More than half (56 per cent) of respondents polled by Ipsos for the annual RBC Home Ownership Poll said they thought it would be better to wait a year or more before buying a home.

Of those, 54 per cent say it is because they expect home prices to fall over the next year – a number that rises to 68 per cent of British Columbians waiting to buy. In addition, 47 per cent of Canadians waiting to buy cite uncertainty in the market as their reason.

Some 44 per cent of poll respondents who are waiting to buy a home say they would potentially wait for two years or longer.
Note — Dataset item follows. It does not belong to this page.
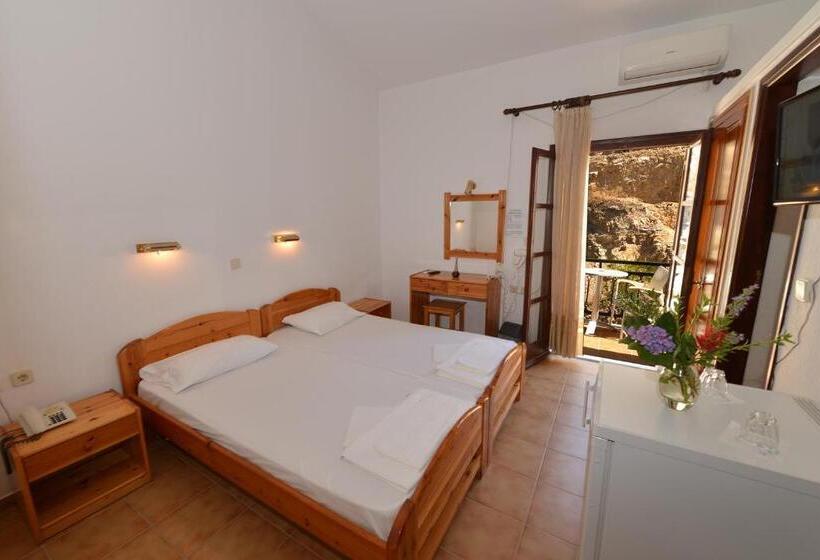 اتاق استاندارد با چشمانداز کوهستان, Ikaros Star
This figure rises among 18-34-year-olds to 55 per cent.

However, despite the wait-and-see approach, the Canadians polled largely have faith in real estate as a good investment and a better financial decision than renting. Just over eight out of 10 Canadians said a home or condominium purchase is still a good investment, while two-thirds (66 per cent) of Canadians said they feel it makes more sense to buy than rent.

The poll also found that Canadians are well positioned to handle a potential downturn in housing prices (71 per cent) or an increase in interest rates (63 per cent).

And although many Canadians are waiting to buy a home until they see where the market goes, more than half of first-time homebuyer respondents (56 per cent) said they may buy sooner than later because of fears of future interest rate hikes.

The poll also looked at other homebuyer trends, and found that buying a home with a partner or spouse has been steadily declining (42 per cent versus 49 per cent in 2017), while purchasing a home alone is increasing (32 per cent versus 29 per cent in 2017).

Nicole Wells, vice-president of Home Equity Financing at RBC, said, ”We’re seeing a fundamental contrast in who's at the buying table. There is a surge in confident, in-control solo home buyers and, on the polar opposite end, those who are saying they can't do it alone and need the assistance of family."